А еще годом позже в ней же, в российской интеллигенции, он маниакально обнаружит — опять! — «зоологический, мещанский индивидуализм». Пуще того, одобрит расправу над интеллигентами. Оправдает спровоцированный большевиками судебный процесс — угрожающее начало тех, более знаменитых и страшных:

«Мы знаем, как быстро она (естественно, интеллигенция. — Ст. Р.) покрылась мещанской ржавчиной. Процесс „Промпартии“ показал нам, как глубоко эта ржавчина разъела инженеров… То же случилось с литераторами…»

Это говорит человек, который в том же очерке «В. И. Ленин» воспел интеллигенцию. Назвал главной, чуть не единственной движущей силой отечественной истории, ее «ломовой лошадью». И сделал это в прямой полемике с последователями Ленина, сказавшего, как широко известно, что эта сила — не мозг нации, а говно.

«Работа интеллигенции всегда сводилась…» Да как же всегда, если несколькими годами раньше утверждалось обратное? Но дело не в забывчивости.

У этой капризной изменчивости есть свое постоянство. Та самая нелюбовь к «зоологическому индивидуализму крестьянства».

В молодые годы Горький увидел очередного «ужа», крестьянина Гаврилу, презрительным взором люмпена, уголовника Челкаша, разделив с ним презрение к Гаврилиной жадности, — да, конечно, непривлекательной, как всякая жадность, но все-таки порожденной жаждой вложить деньги в хозяйство. В творчество, понимаемое по-крестьянски.

Именно в Челкаше, как и в карточном шулере Сатине, в воре Ваське Пепле, в этих «соколах», померещилась Горькому сила свободного человека — свободного прежде всего от уз собственности. Сила, для него обаятельная настолько, что и сопутствующий ей аморализм не казался существенным и опасным.

Горький был не с властью — что так естественно для российского литератора и так убедительно обосновывалось бездарностью этой власти. Не с народом, раздражающе темным, косным, «зоологическим». Тогда — с кем?

Так возникла трагическая безродность молодого Горького. Безродность общественная, духовная, о чем надобно говорить без осуждения, а с пониманием, потому что она-то и породила лучшие горьковские произведения, хотя бы ту же пьесу «На дне». И вот, как все, нуждаясь в опоре, Горький выбирает свободу и силу, во-первых, интеллигентов, к которым тянулся и на которых готов был молиться (писателей прежде всего). Но во-вторых, людей дна.

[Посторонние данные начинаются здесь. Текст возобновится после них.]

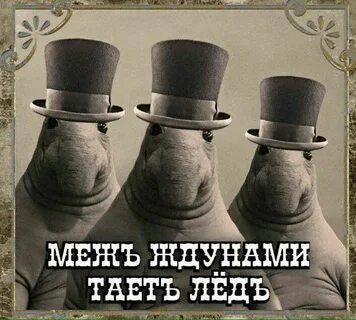 Таю потому что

А может быть, их-то — в первую голову, потому что именно им отдает свой творческий интерес. То главное, что имеет.

Упрощением было бы утверждать, что автор прекрасной пьесы «На дне» неотвратимо шел к пьесе «Сомов и другие», где справедливость торжествует в облике агентов госбезопасности, а развязка сюжета выражена в словах, которые будут все чаще и чаще произноситься в СССР. «Вы арестованы», — скажет чекист кучке интеллигентов.

И все же заметим: в первой пьесе романтически приукрашались люди, не задетые «мещанской ржавчиной», в последней уничтожались морально (пока — морально) те, кого «глубоко эта ржавчина разъела».